(Problem to work on) Only the lines from the one containing "后置小火山設(shè)計(jì)實(shí)錘了!OPPO Find X3系列正式官宣3月11日發(fā)布" through the final line below belong in the output, copied exactly and without pictures.

Caption-style text data:
* * *

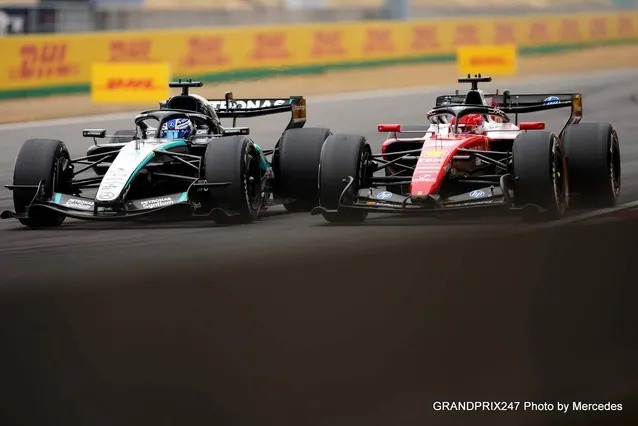 “Fred Vasseur não está convencido de que o novo teste de compressão de motor da Fórmula 1 será um divisor de águas”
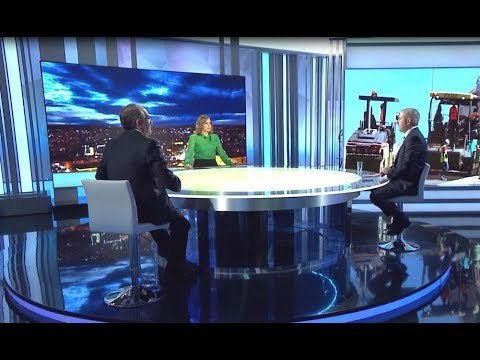 Raporti i FMN, Bushati: Edhe maxhoranca s'do e kishte shkruar më mirë, Xhepa: PPP-të, rrezik serioz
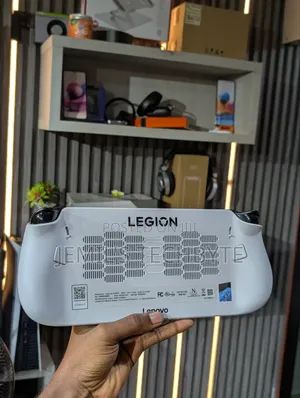 Laptop Lenovo Legion 5 16GB AMD SSD 1T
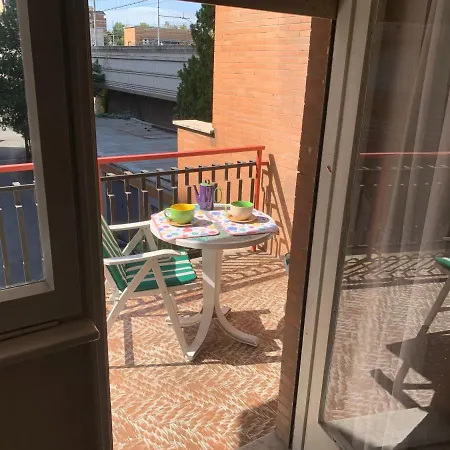 Il Salottino Di San Paolo Apartment Rome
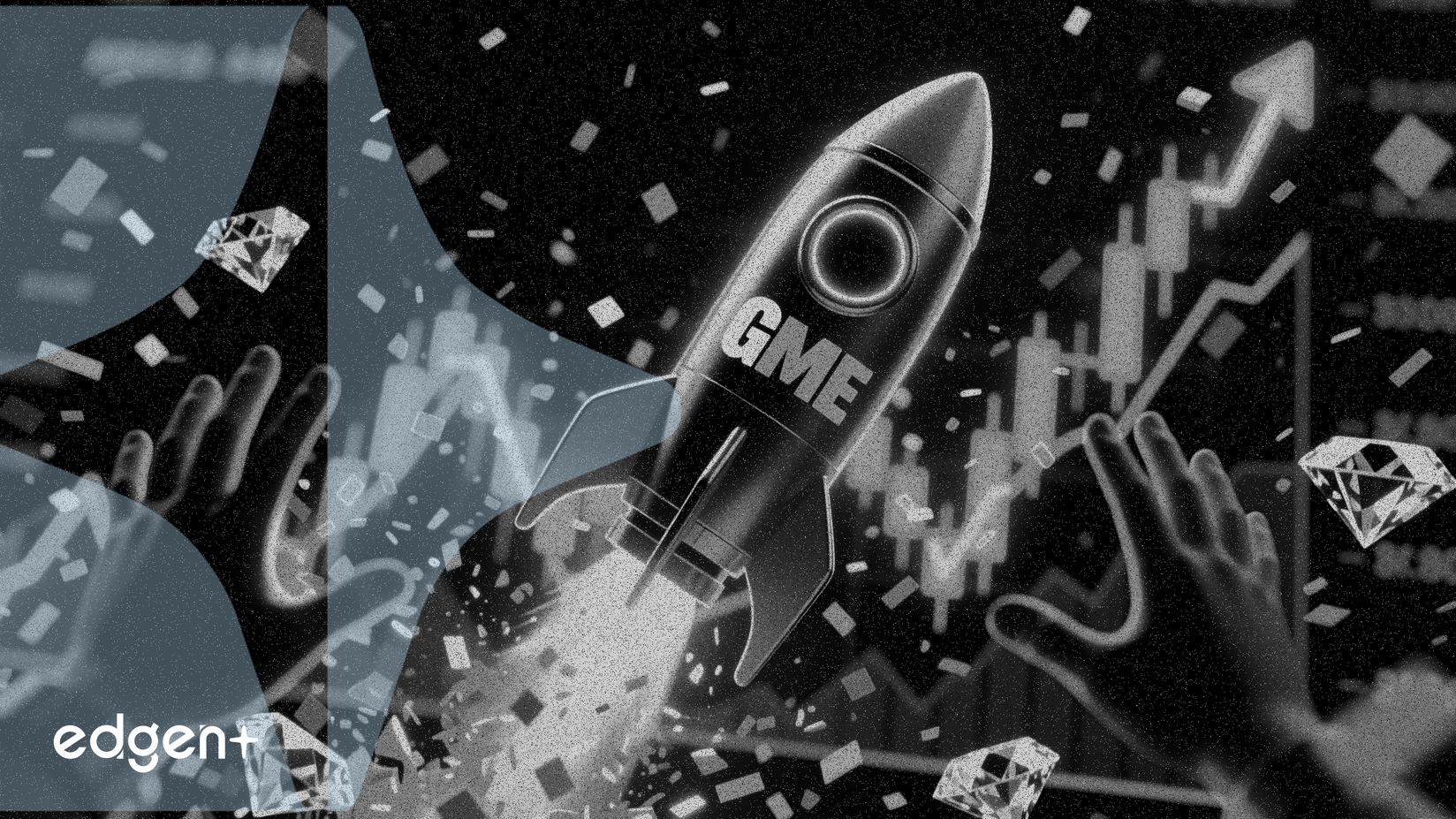 GameStop Hisseleri %20 Yükseldi, Meme Hissesi Spekülasyonları Yeniden Canlandı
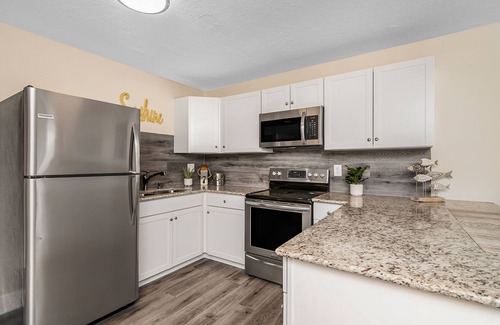 Siesta Isle Hotel | Latitude 26 Waterfront Boutique Resort - Fort Myers Beach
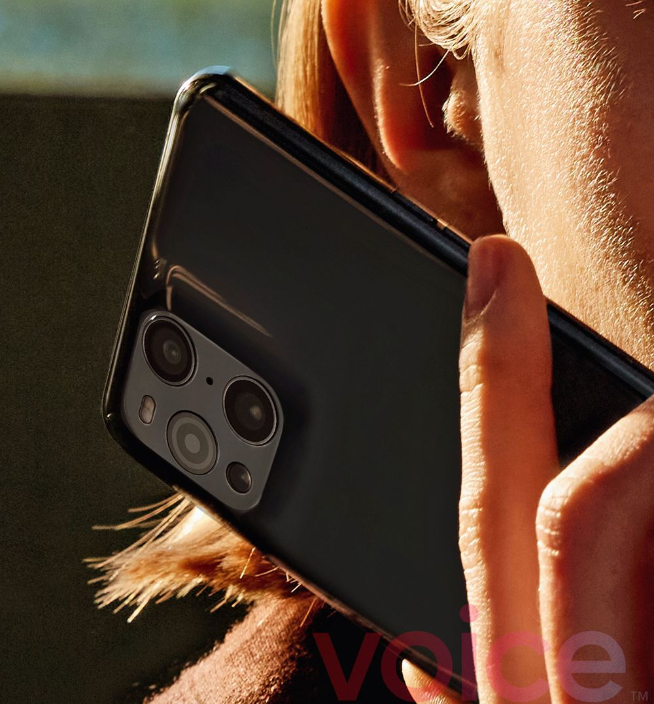 后置小火山設(shè)計(jì)實(shí)錘了!OPPO Find X3系列正式官宣3月11日發(fā)布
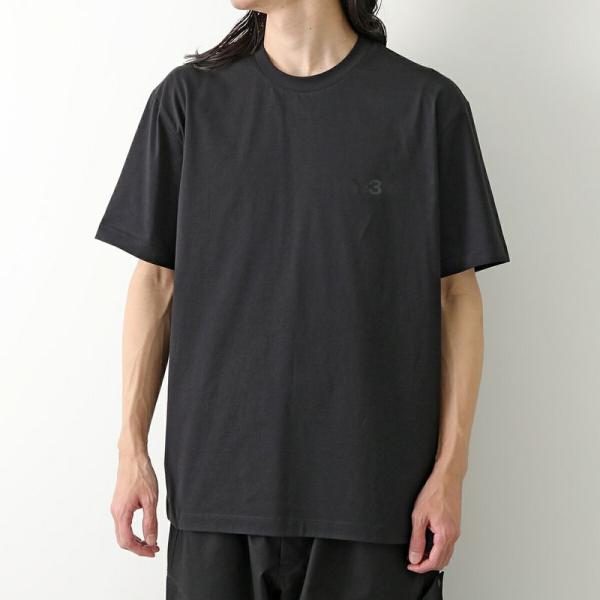 Y-3 ワイスリー Tシャツ M REG SS TEE IW0066 メンズ レディース
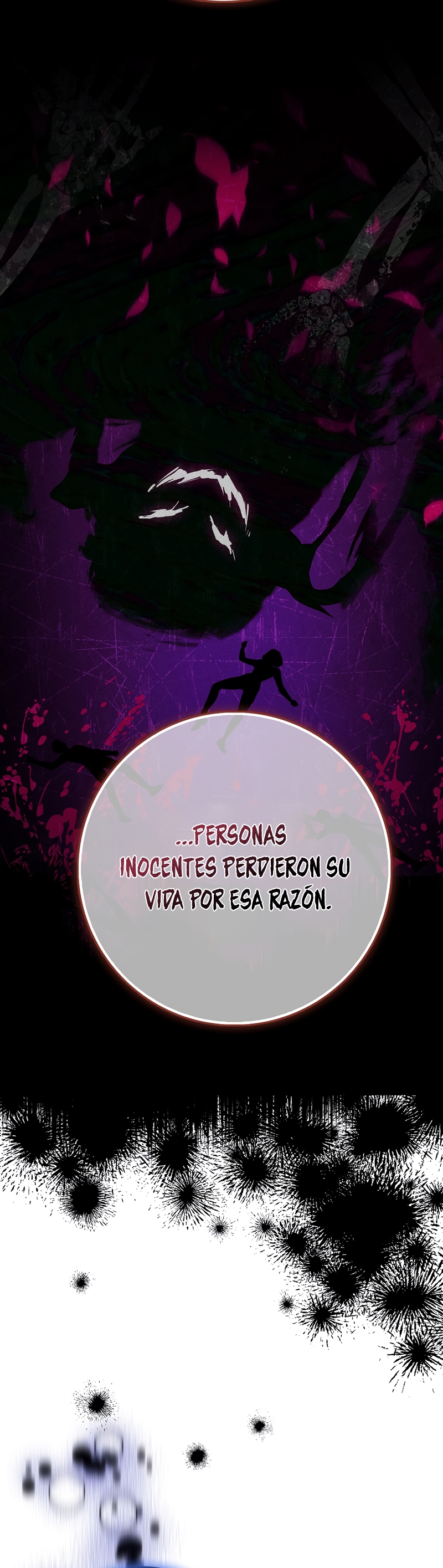 Malcrié a mi marido Capítulo 23 - Page 28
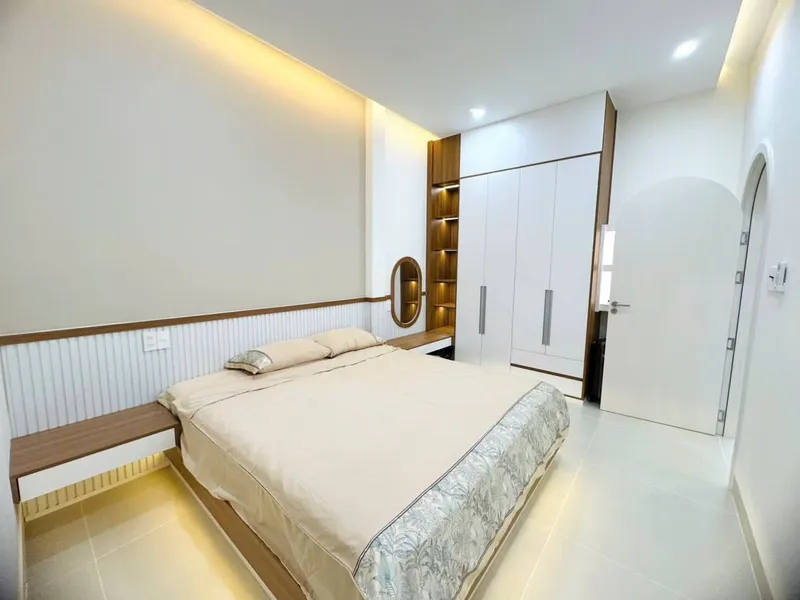 3-Bedroom Furnished House for Rent – Southern Nha Trang, 1 km from Beach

* * *

(Response to the exercise)
 后置小火山設(shè)計(jì)實(shí)錘了!OPPO Find X3系列正式官宣3月11日發(fā)布
 Y-3 ワイスリー Tシャツ M REG SS TEE IW0066 メンズ レディース
 Malcrié a mi marido Capítulo 23 - Page 28
 3-Bedroom Furnished House for Rent – Southern Nha Trang, 1 km from Beach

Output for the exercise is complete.